As Christians, we must show our love for all people. We do this when we: (1) are concerned about our neighbor’s rights—his freedom, housing, food, health, and right to work, (2) show to others the justice and charity of Christ—that is, reaching out in the spirit of the Beatitudes to help others, to build up a better society in the local community, and to promote social justice and peace throughout the world, (3) speak and judge others by the standard of charity that is due all sons of God, (4) respect and obey all lawful authority—in the home, in civil society, and in the Church.
The second great commandment of God, “You shall love your neighbor as yourself” (cf. Luke 10:27), is like the first: “You shall love the Lord your God with all your heart” (Luke 10:27), because it springs from the same principle and motive–to love. The norm for the love of God is the totality of the very depths and powers of the soul: “with all your heart, and with all your soul, and with all your strength, and with all your mind” (Luke 10:27).
The norm for the love of neighbor is the proper love of self—to love our neighbor as ourselves. But our Lord raised that norm to the sphere of the divine when He commanded us to love our neighbor as He loves us. The Redeemer’s love for us is without limit.
The commandment to love our neighbor is founded in the Old Testament and carried over into the new dispensation, or the New Testament, where it is renewed. However, in the New Testament, it takes on a new, special relationship to Christ, the God-man, for He declared that this commandment of fraternal love is His favorite commandment. It is His own commandment: “A new commandment I give to you, that you love one another; even as I have loved you” (John 13:34).

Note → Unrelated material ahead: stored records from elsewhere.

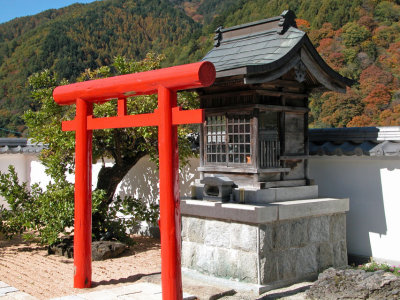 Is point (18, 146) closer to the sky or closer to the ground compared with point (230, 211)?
closer to the sky

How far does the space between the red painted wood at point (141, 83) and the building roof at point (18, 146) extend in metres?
7.09

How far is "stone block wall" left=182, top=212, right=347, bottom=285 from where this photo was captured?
6285mm

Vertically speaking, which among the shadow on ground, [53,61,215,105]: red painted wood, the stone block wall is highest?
[53,61,215,105]: red painted wood

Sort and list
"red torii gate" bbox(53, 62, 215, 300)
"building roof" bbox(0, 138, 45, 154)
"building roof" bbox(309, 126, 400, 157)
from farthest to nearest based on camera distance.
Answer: "building roof" bbox(0, 138, 45, 154) < "building roof" bbox(309, 126, 400, 157) < "red torii gate" bbox(53, 62, 215, 300)

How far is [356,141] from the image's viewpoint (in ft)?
25.0

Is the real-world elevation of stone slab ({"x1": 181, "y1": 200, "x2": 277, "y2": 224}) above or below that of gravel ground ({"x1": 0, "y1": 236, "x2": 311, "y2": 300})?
above

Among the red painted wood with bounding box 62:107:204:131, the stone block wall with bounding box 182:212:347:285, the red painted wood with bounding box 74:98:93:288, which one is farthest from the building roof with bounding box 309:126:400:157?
the red painted wood with bounding box 74:98:93:288

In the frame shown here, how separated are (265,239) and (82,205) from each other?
266 centimetres

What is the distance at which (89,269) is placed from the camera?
22.1 ft

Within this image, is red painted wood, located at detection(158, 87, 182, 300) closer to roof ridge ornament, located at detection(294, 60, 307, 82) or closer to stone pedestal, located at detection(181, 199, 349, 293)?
stone pedestal, located at detection(181, 199, 349, 293)

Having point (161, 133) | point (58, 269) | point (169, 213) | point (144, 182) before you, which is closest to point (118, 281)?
point (58, 269)

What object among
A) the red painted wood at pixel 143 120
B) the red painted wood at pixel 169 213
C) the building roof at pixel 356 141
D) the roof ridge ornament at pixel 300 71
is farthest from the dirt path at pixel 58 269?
the roof ridge ornament at pixel 300 71

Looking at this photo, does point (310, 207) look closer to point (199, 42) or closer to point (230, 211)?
point (230, 211)

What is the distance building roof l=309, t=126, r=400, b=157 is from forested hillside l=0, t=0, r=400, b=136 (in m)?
18.0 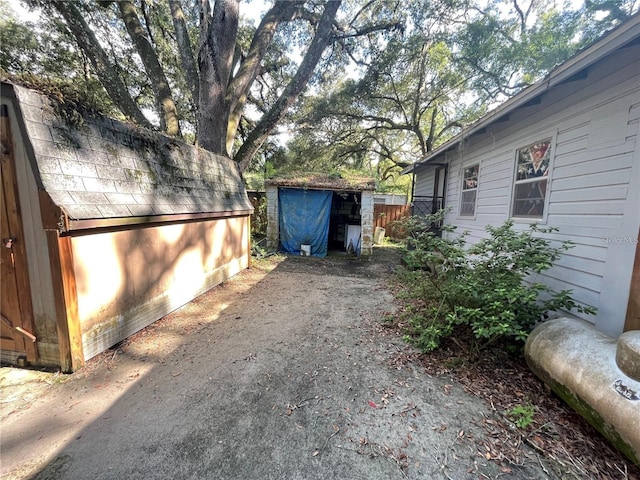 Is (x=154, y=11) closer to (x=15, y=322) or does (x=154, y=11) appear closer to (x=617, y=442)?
(x=15, y=322)

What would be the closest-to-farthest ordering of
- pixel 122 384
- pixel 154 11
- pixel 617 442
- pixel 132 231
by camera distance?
pixel 617 442 → pixel 122 384 → pixel 132 231 → pixel 154 11

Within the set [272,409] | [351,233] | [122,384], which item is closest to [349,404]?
[272,409]

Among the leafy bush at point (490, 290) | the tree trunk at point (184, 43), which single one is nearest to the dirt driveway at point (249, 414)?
the leafy bush at point (490, 290)

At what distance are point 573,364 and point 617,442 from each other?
1.72 ft

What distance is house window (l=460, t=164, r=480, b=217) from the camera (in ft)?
19.5

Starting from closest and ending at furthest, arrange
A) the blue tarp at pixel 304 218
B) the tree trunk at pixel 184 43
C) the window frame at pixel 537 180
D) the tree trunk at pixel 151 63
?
the window frame at pixel 537 180
the tree trunk at pixel 184 43
the tree trunk at pixel 151 63
the blue tarp at pixel 304 218

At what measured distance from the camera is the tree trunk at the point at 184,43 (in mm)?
6664

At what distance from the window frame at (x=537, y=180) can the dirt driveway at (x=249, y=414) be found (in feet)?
9.28

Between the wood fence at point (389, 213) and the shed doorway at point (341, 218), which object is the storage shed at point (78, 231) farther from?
the wood fence at point (389, 213)

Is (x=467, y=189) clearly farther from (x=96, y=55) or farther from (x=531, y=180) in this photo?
(x=96, y=55)

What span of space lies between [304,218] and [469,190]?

This love is the sign by which His disciples will be clearly recognized.
In our lives, we are challenged to bear witness to Christ by serving the needs of man. We can serve our fellow man by personally taking care of his spiritual, physical, and social needs, and by helping others personally through the ministries of medicine, nursing, teaching, and social work. We can also be of service to man and society in the fields of business, education, law, government, and public health. Since not every Christian can be a servant professionally, each should be a servant according to the gifts and talents he has received from God.